The Hangman's House, Tours

Impression: Freer Gallery of Art
Freer Gallery of Art
Number: 393
Date: 1888
Medium: etching and drypoint
Size: 135 x 99 mm
Signed: butterfly at lower left
Inscribed: no
Set/Publication: no
No. of States: 3
Known impressions: 6
Catalogues: K.376; M.376
Impressions taken from this plate  (6)


arch, architecture, building, children, door, Renaissance, sculpture.

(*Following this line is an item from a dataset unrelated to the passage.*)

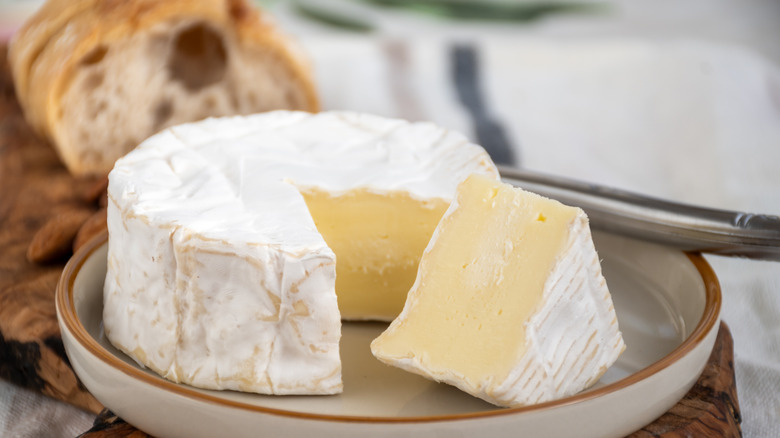 Wheel of Camembert cheese with slices taken out and sliced bread in the background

There are many variations on the title, spelling and punctuation by Whistler and others, including the following:

'House of Tristan' (1888, Whistler). 2
'The Hangman's House' (1889, Whistler). 3
'The Hangman's House (Tristan) Tours' (1889, Whistler). 4
'Tristan's House' (1889, Whistler). 5
'Hangman's House - Tristan' (1889, Whistler). 6
'Hangmans House' (1889, Whistler). 7
'Tristan L'Hermite' (1889, Whistler). 8
'Hangman's Doorway' (1897, Wunderlich's). 9
'Hangman's House, Tours' (1899, Frederick Wedmore (1844-1921)). 10
'Hangman's House, Bourges' (1900, Caxton Club). 11
'The Hangman's House, Tours' (1903/1935, possibly Rosalind Birnie Philip (1873-1958)). 12

In the 1880s the doorway shown in the etching led to what was known, mistakenly, as the House of Tristan L'Hermitte, in Tours. Tristan was a historical and legendary character, both Provost and hangman.

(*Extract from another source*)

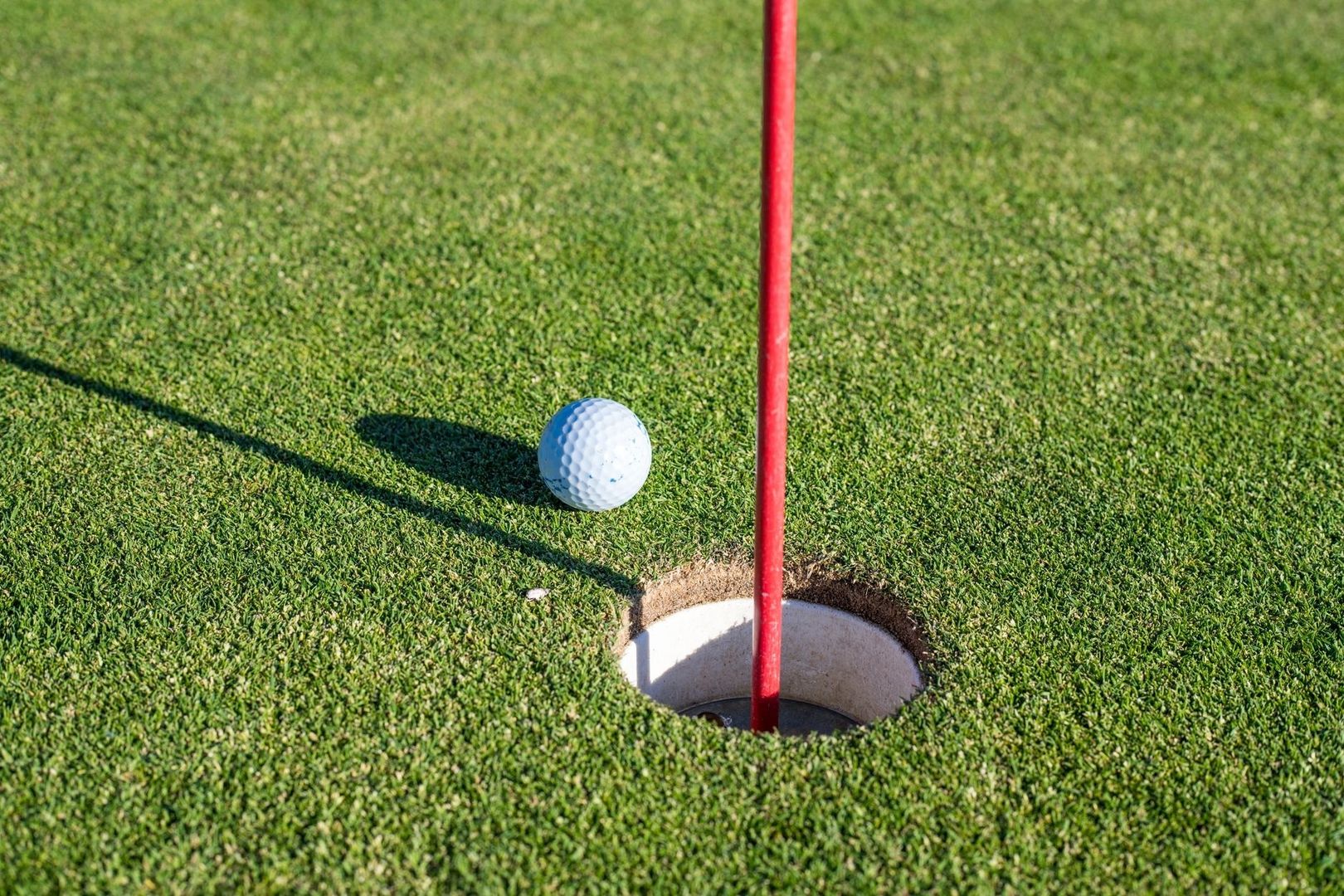 Golf ball resting beside the cup and red flagstick on a green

Several of these titles are therefore perfectly valid, except for the Caxton Club's mistake in identifying the site as Bourges.

'The Hangman's House, Tours' is the preferred title as it combines the dominant elements of these titles.

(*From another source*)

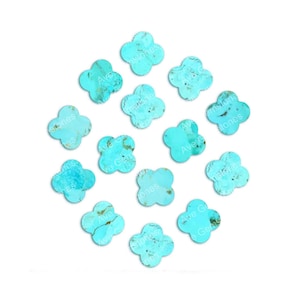 Puede incluir: Una colección de 12 cabujones de turquesa, cada uno con forma de trébol de cuatro hojas. Los cabujones son de color azul claro con inclusiones marrones y doradas.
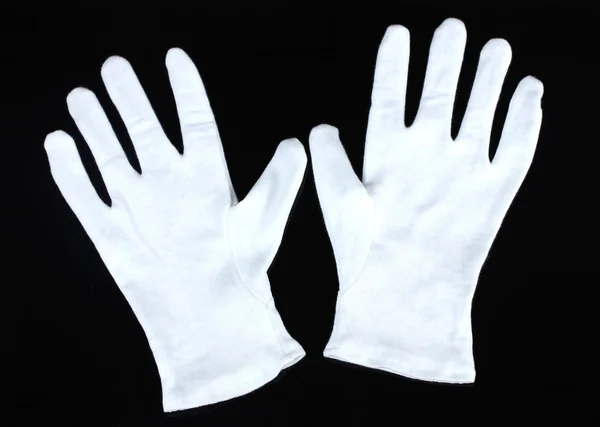 Cloth gloves on black background — Stock Photo, Image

2: List, [August 1887/1888], GUW #13233.

3: Whistler to J. P. Heseltine, 20 January 1889, GUW #13037.

4: To Dowdeswell, 21 January 1889, GUW #13030.

5: To H. James, [17 February 1889], GUW #10934.

6: To E.G. Brown, 27 March 1889, GUW #13000.

7: List, 18 July 1889, GUW #13235.

8: To R. Knoedler, 20 July 1889, GUW #13080.

9: Wunderlich's to Whistler, [August 1897], GUW #07289.

10: Wedmore 1899 (cat. no. 323).

11: Chicago 1900 (cat. no. 262).

12: Envelope containing copper plate, Hunterian Art Gallery.


Two children sit on the steps leading to a gothic doorway with closed doors that are separated by a slender carved pillar, below a decoratively carved semi-circular stone canopy. The sun casts strong shadows from almost directly above. 13

13: Mansfield thought the lunette had a decorative wrought iron grating, Mansfield 1909 (cat. no. 376).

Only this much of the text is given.